*** Data records
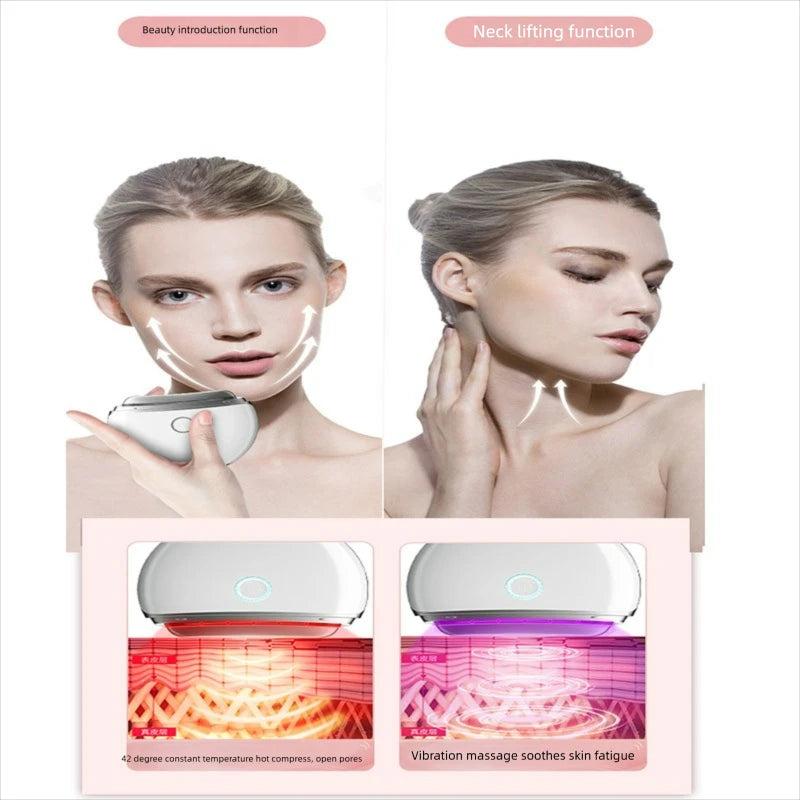 Dispositivo de Belleza Facial EMS Microcorriente Luz LED y Calor 4 Modos (Blanco/Rosa)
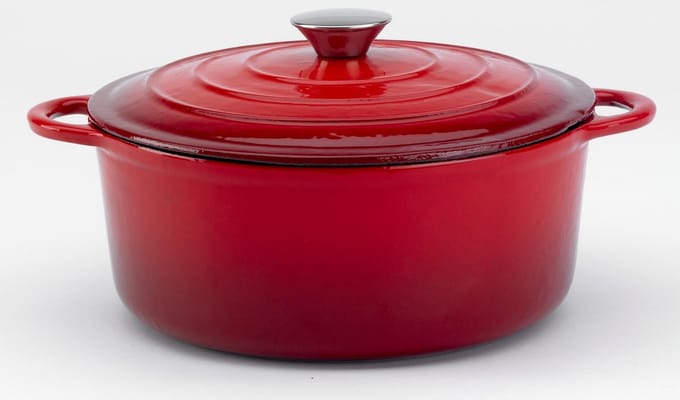 Relance Le beausette braadpan met druppeldeksel - Ø 24 cm - gietijzer - rood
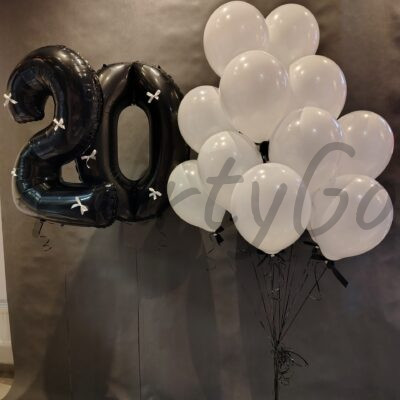 Kompozycja balonowa na 20 urodziny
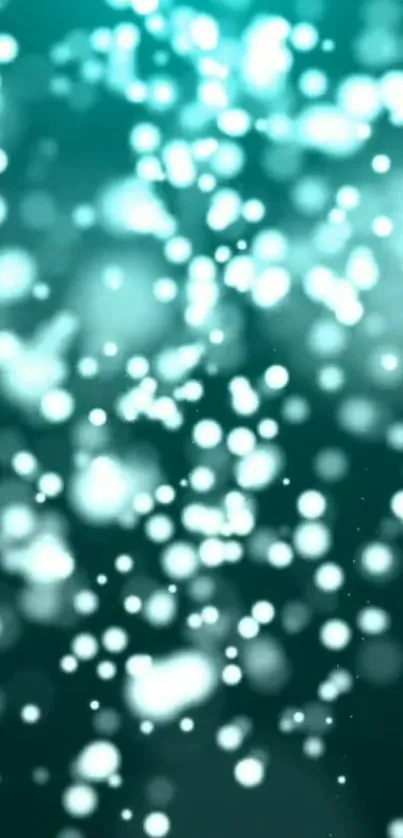 A soothing aqua bokeh wallpaper with blurred circles of light on a teal background.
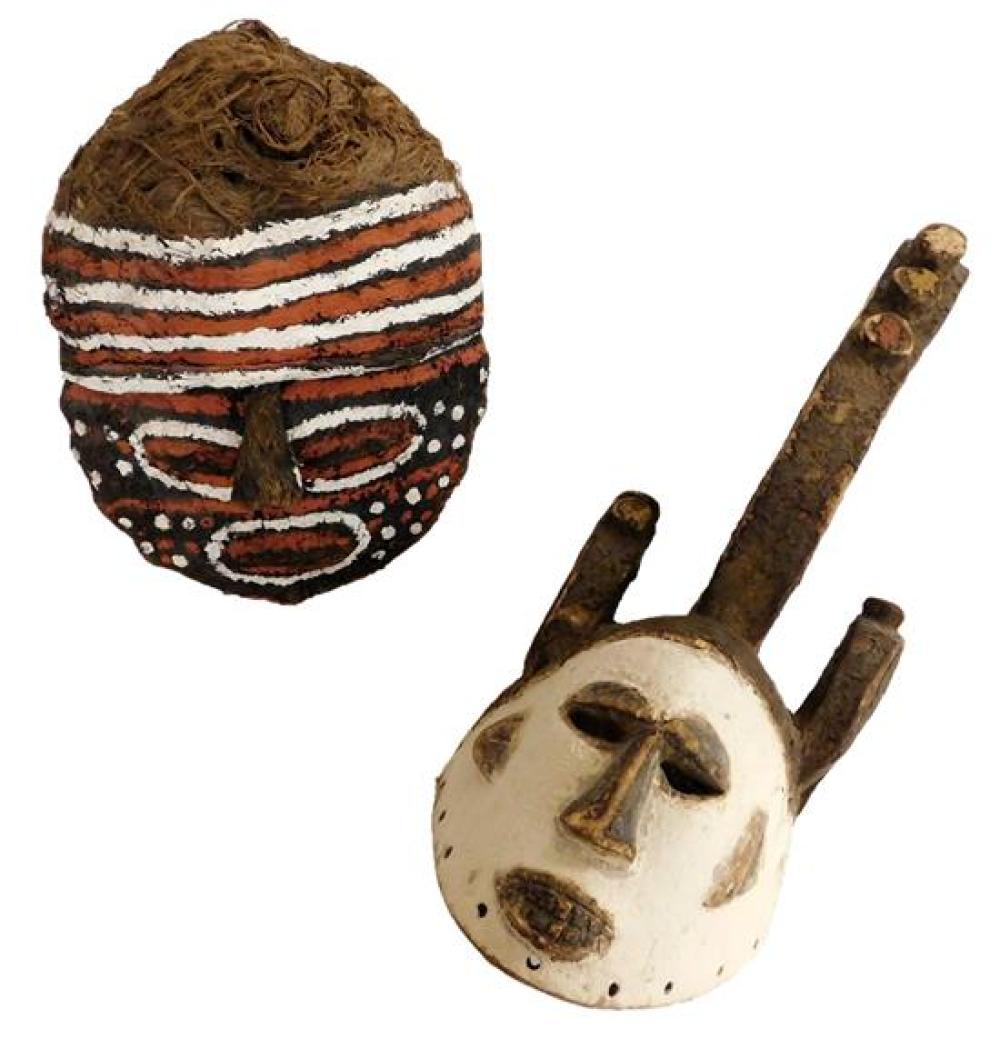 Appraisal: TRIBAL Two African masks the first a Chikunza Fiber Mask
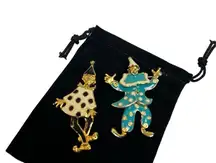 Vintage articulating clown brooches enamel painted on gold toned brooches - set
******
Task to carry out: With the pictures dropped, give every entry above again exactly.

Solution to the exercise:
 Dispositivo de Belleza Facial EMS Microcorriente Luz LED y Calor 4 Modos (Blanco/Rosa)
 Relance Le beausette braadpan met druppeldeksel - Ø 24 cm - gietijzer - rood
 Kompozycja balonowa na 20 urodziny
 A soothing aqua bokeh wallpaper with blurred circles of light on a teal background.
 Appraisal: TRIBAL Two African masks the first a Chikunza Fiber Mask
 Vintage articulating clown brooches enamel painted on gold toned brooches - set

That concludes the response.